Não vejo necessidade de expor aqui, mais de meio século depois, a fundamentação econômica de suas teses. Exatamente por causa de sua relativa complexidade, não despertaram o interesse da grande maioria dos quadros da organização.
O que me pareceu um verdadeiro ovo de Colombo foi sua conclusão. Se não, vejamos.
A esquerda brasileira se dividia de forma exacerbada entre dois segmentos.
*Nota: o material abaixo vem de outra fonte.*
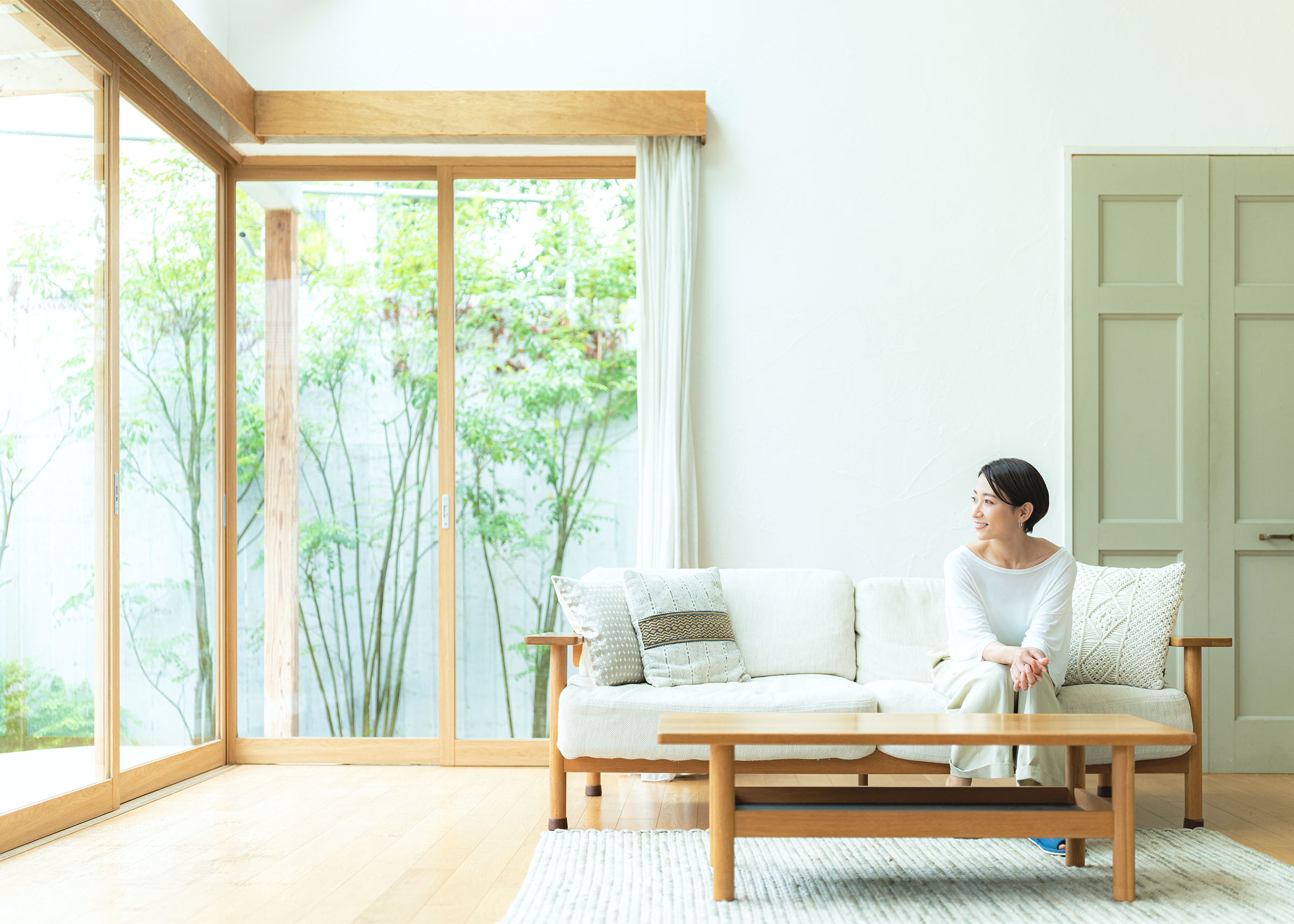 心がほっとする、自分だけの聖域を作る3つのステップ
Um, o que prevalecia acentuadamente antes do golpe de 1964, acreditava na necessidade de uma etapa inicial, democrático-burguesa na nossa revolução, para extirpar resquícios feudais que ainda continuariam existindo no campo.
Como consequência, os camponeses também estariam entre os sujeitos revolucionários e haveria uma burguesia nacional que poderia ser nossa aliada durante tal fase.
O outro, cujos adeptos eram principalmente os esquerdistas empenhados em aprofundar os motivos da derrota infame diante da quartelada castellista, via o Brasil como um país definitivamente capitalista, cuja burguesia se atrelava à sua congênere internacional e cujos sujeitos revolucionários seriam os explorados das cidades e dos campos (os últimos lutando não pela posse individual da terra, mas para dela disporem visando à produção coletiva).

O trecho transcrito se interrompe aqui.